Additionally, checkpointer ensures that caches are invalidated when a function's implementation or any of its dependencies change. Each function is assigned a hash based on:

  1. Its source code: Changes to the function's code update its hash.
  2. Dependent functions: If a function calls others, changes in those dependencies will also update the hash.

Example: Cache Invalidation

def multiply(a, b):
    return a * b

@checkpoint
def helper(x):
    return multiply(x + 1, 2)

@checkpoint
def compute(a, b):
    return helper(a) + helper(b)

If you modify multiply, caches for both helper and compute are invalidated and recomputed.


Parameterization

Custom Configuration

Set up a Checkpointer instance with custom settings, and extend it by calling itself with overrides:

from checkpointer import checkpoint

IS_DEVELOPMENT = True  # Toggle based on your environment

tmp_checkpoint = checkpoint(root_path="/tmp/checkpoints")
dev_checkpoint = tmp_checkpoint(when=IS_DEVELOPMENT)  # Adds development-specific behavior

Per-Function Customization & Layered Caching

Layer caches by stacking checkpoints:

@checkpoint(format="memory")  # Always use memory storage
@dev_checkpoint  # Adds caching during development
def some_expensive_function():
    print("Performing a time-consuming operation...")
    return sum(i * i for i in range(10**6))
  • In development: Both dev_checkpoint and memory caches are active.
  • In production: Only the memory cache is active.

Usage

Force Recalculation

Force a recalculation and overwrite the stored checkpoint:

result = expensive_function.rerun(4)

Call the Original Function

Use fn to directly call the original, undecorated function:

result = expensive_function.fn(4)

This is especially useful inside recursive functions to avoid redundant caching of intermediate steps while still caching the final result.

Retrieve Stored Checkpoints

Access cached results without recalculating:

stored_result = expensive_function.get(4)

Storage Backends

checkpointer works with both built-in and custom storage backends, so you can use what's provided or roll your own as needed.

Built-In Backends

  1. PickleStorage: Stores checkpoints on disk using Python's pickle.
  2. MemoryStorage: Keeps checkpoints in memory for non-persistent, fast caching.

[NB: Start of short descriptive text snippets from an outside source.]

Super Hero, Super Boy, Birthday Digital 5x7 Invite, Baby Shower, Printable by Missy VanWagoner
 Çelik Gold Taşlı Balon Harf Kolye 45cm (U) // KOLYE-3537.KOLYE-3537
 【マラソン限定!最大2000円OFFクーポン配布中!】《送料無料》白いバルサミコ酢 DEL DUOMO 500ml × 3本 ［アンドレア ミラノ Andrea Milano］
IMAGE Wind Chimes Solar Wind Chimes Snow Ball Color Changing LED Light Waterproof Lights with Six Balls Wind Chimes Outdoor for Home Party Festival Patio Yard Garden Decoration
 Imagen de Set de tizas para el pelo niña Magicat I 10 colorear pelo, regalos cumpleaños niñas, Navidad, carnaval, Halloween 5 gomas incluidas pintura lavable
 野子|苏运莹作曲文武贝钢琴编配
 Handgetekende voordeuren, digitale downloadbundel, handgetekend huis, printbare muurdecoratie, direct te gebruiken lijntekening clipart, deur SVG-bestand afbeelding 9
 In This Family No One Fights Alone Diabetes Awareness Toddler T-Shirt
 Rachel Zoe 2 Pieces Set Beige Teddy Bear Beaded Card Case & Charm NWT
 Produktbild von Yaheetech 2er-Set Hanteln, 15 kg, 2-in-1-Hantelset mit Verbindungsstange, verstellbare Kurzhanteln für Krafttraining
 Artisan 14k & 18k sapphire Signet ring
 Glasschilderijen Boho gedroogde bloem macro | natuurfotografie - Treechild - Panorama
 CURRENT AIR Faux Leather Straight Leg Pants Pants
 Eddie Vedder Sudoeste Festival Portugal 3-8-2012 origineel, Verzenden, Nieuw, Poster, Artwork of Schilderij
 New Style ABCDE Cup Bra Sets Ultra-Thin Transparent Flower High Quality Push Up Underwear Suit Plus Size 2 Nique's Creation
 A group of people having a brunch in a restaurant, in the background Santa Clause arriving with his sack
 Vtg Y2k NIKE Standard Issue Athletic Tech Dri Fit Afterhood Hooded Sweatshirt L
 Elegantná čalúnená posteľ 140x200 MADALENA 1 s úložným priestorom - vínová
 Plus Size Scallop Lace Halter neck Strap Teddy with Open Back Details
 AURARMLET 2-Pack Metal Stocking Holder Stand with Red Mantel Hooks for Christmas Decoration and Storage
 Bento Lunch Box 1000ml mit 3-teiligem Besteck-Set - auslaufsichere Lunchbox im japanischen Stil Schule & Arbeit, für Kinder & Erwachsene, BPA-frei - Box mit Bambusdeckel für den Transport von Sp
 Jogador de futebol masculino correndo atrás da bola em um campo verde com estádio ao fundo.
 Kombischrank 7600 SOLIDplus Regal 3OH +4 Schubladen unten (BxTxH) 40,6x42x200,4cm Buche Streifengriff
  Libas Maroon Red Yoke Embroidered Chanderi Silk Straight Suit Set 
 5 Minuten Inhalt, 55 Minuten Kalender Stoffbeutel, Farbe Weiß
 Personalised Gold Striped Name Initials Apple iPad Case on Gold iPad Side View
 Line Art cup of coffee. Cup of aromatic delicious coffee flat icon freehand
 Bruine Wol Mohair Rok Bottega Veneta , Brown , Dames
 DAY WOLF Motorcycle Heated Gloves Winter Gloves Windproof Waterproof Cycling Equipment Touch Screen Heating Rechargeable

You can specify a storage backend using either its name ("pickle" or "memory") or its corresponding class (PickleStorage or MemoryStorage) in the format parameter:

from checkpointer import checkpoint, PickleStorage, MemoryStorage

@checkpoint(format="pickle")  # Equivalent to format=PickleStorage
def disk_cached(x: int) -> int:
    return x ** 2

@checkpoint(format="memory")  # Equivalent to format=MemoryStorage
def memory_cached(x: int) -> int:
    return x * 10

Custom Storage Backends

Create a custom storage backend by inheriting from the Storage class and implementing its methods. Access configuration options through the self.checkpointer attribute, an instance of Checkpointer.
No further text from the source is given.